Water Resources Study Material
- Water resources are natural resources of water that are potentially useful. Uses of water include agricultural, industrial, household, recreational and environmental activities. All living things require water to grow and reproduce.
- 97% of the water on the Earth is salt water and only three percent is fresh water; slightly over two thirds of this is frozen in glaciers and polar ice caps. The remaining unfrozen freshwater is found mainly as groundwater, with only a small fraction present above ground or in the air
- The framework for allocating water resources to water users (where such a framework exists) is known as water rights.
Surface Water :
- Surface water is water in a river, lakeor fresh water wetland. Surface water is naturally replenished by precipitation and naturally lost through discharge to the oceans, evaporation, evapotranspiration and groundwater recharge.
- Natural surface water can be augmented by importing surface water from another watershed through a canalor pipeline. It can also be artificially augmented from any of the other sources listed here, however in practice the quantities are negligible. Humans can also cause surface water to be “lost” (i.e. become unusable) through pollution.
Under river flow :
Throughout the course of a river, the total volume of water transported downstream will often be a combination of the visible free water flow together with a substantial contribution flowing through rocks and sediments that underlie the river and its floodplain called the hyporheic zone
Ground Water :
Groundwater is fresh water located in the subsurface pore space of soil and rocks. It is also water that is flowing within aquifers below the water table. Sometimes it is useful to make a distinction between groundwater that is closely associated with surface water and deep groundwater in an aquifer
Frozen Water :
- Several schemes have been proposed to make use of icebergs as a water source, however to date this has only been done for research purposes. Glacier runoff is considered to be surface water.
- The Himalayas, which are often called “The Roof of the World”, contain some of the most extensive and rough high altitude areas on Earth as well as the greatest area of glaciers and permafrost outside of the poles.

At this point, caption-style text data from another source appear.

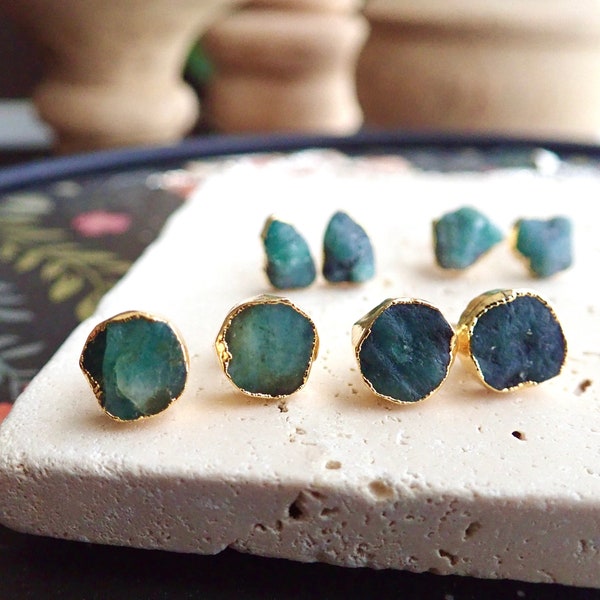 Emerald Stud Earrings, May Birthstone Earrings, Natural Raw Gemstone Earrings, Emerald Jewelry, May Birthday Gift, Bridesmaid Jewelry Gift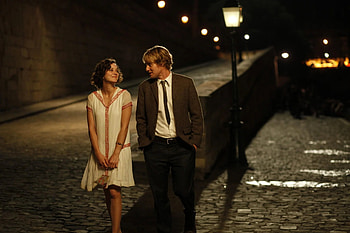 Midnight in Paris, Captivating scenes, Cultural references, Dreamlike ambiance HD wallpaper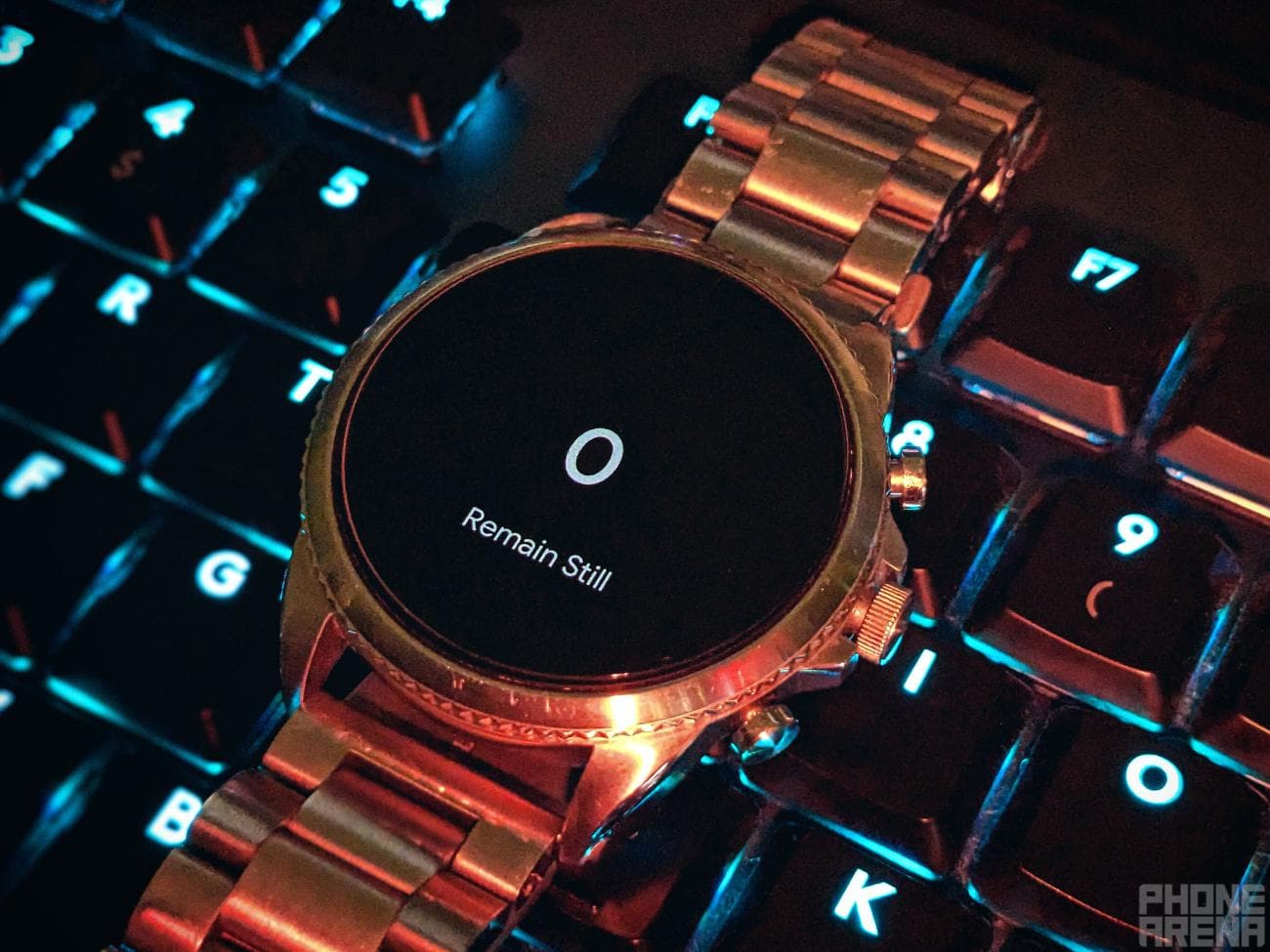 Έμεινε έτσι μέχρι να τελειώσει η μπαταρία.  Κανένα σχόλιο.  |  Πίστωση εικόνας&nbsp;— PhoneArena - Το Fossil Gen 6 κυριολεκτικά με έκανε να κάψω και αυτό δεν είναι κάποιου είδους δήλωση μόδας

Desalination is an artificial process by which saline water (generally sea water) is converted to fresh water. The most common desalination processes are distillation and reverse osmosis. Desalination is currently expensive compared to most alternative sources of water, and only a very small fraction of total human use is satisfied by desalination. It is usually only economically practical for high-valued uses (such as household and industrial uses) in arid areas.
WATER USES :
It is estimated that 70% of worldwide water is used for irrigation, with 15-35% of irrigation withdrawals being unsustainable. It takes around 2,000 – 3,000 litres of water to produce enough food to satisfy one person’s daily dietary need. This is a considerable amount, when compared to that required for drinking, which is between two and five litres. To produce food for the now over 7 billion people who inhabit the planet today requires the water that would fill a canal ten metres deep, 100 metres wide and 2100 kilometres long.
It is estimated that 22% of worldwide water is used in industry. Major industrial users include hydroelectric dams, thermoelectric power plants, which use water for cooling, ore and oil refineries, which use water in chemical processes, and manufacturing plants, which use water as a solvent. Water withdrawal can be very high for certain industries, but consumption is generally much lower than that of agriculture.
Explicit environment water use is also a very small but growing percentage of total water use. Environmental water may include water stored in impoundments and released for environmental purposes (held environmental water), but more often is water retained in waterways through regulatory limits of abstraction. Environmental water usage includes watering of natural or artificial wetlands, artificial lakes intended to create wildlife habitat, fish ladders, and water releases from reservoirs timed to help fish spawn, or to restore more natural flow regimes.